### [PROBLEM REQUIREMENTS]
When you copy the data, keep every word exactly as it is and leave the pictures out.

### [DATA BLOCK]
============================================================

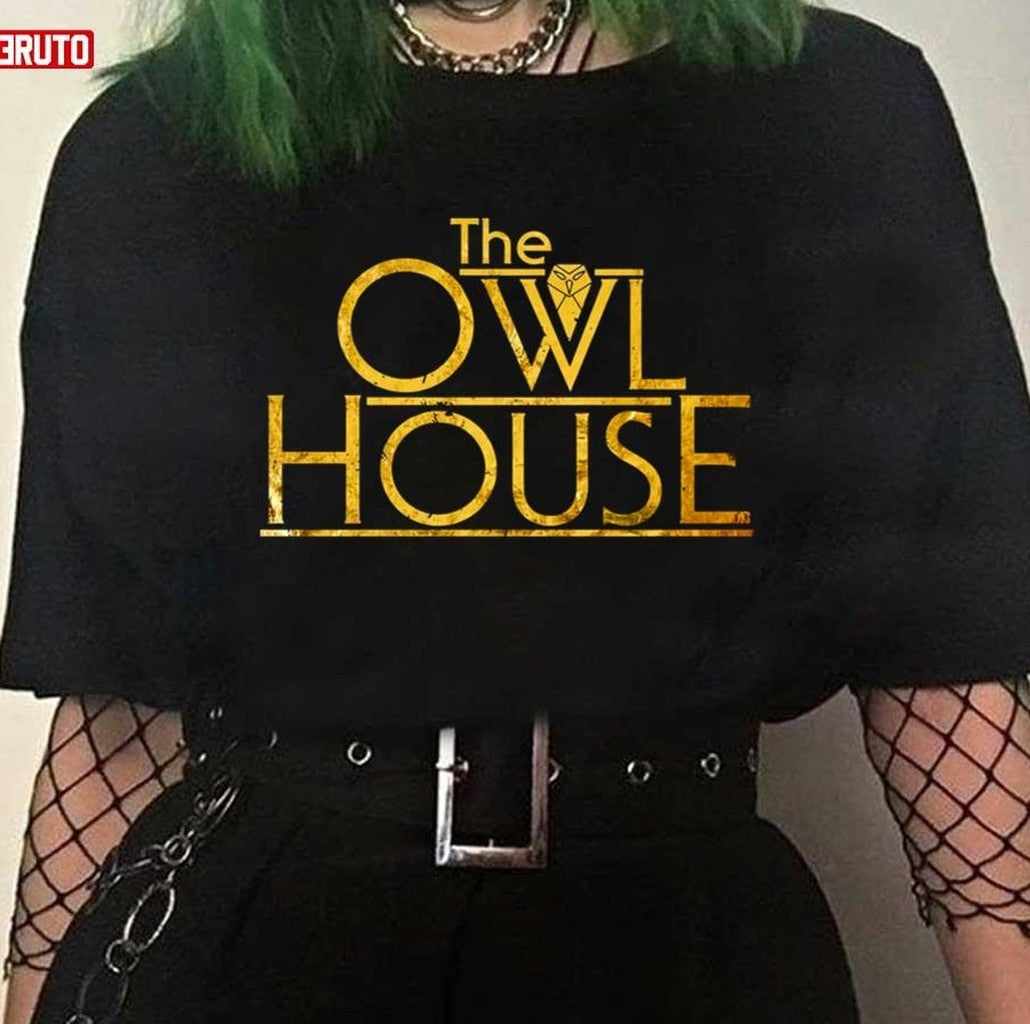 Playing Possum The Owl House Unisex T-shirt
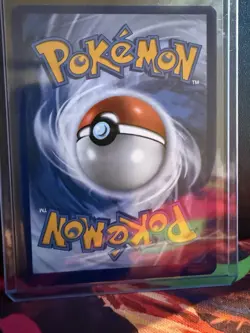 Pokemon TCG Lycanroc Illustration Rare Card 166/159 (bottom heavy) NM - Image 2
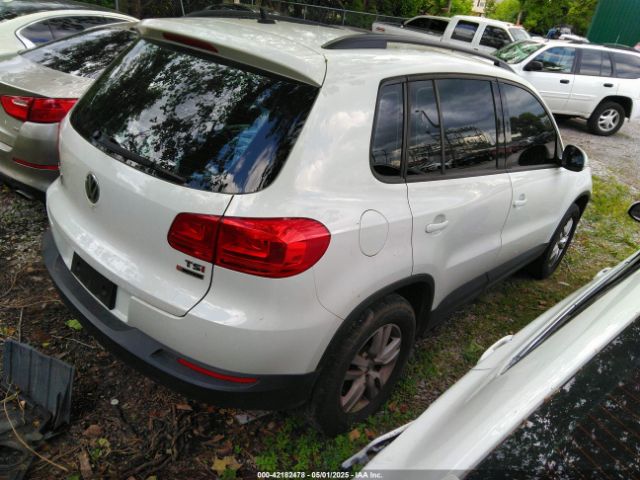 WVGBV7AX1GW003636 Volkswagen TIGUAN S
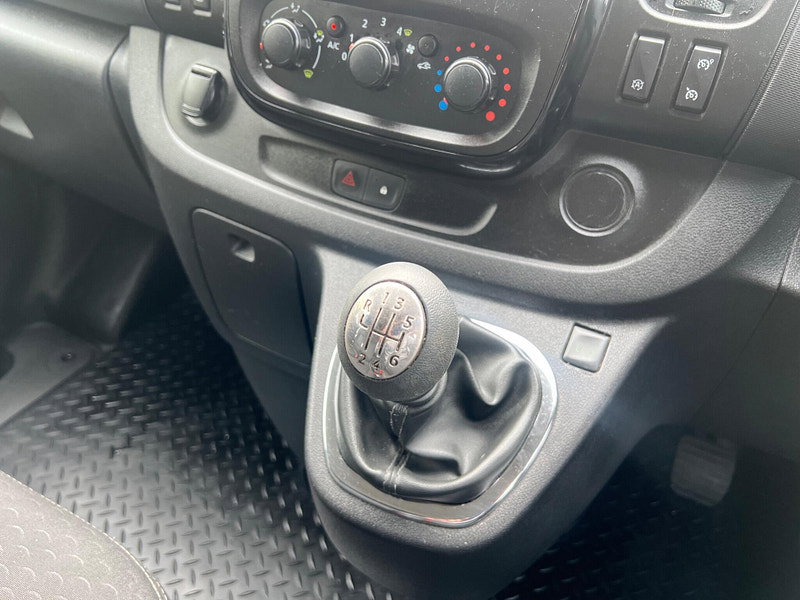 Vauxhall Vivaro 1.6 CDTi 2700 BiTurbo ecoTEC Sportive L1 H1 Euro 6 (s/s) 5dr 5dr Manual 2026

============================================================

### [ANSWER SECTION]
 Playing Possum The Owl House Unisex T-shirt
 Pokemon TCG Lycanroc Illustration Rare Card 166/159 (bottom heavy) NM - Image 2
 WVGBV7AX1GW003636 Volkswagen TIGUAN S
 Vauxhall Vivaro 1.6 CDTi 2700 BiTurbo ecoTEC Sportive L1 H1 Euro 6 (s/s) 5dr 5dr Manual 2026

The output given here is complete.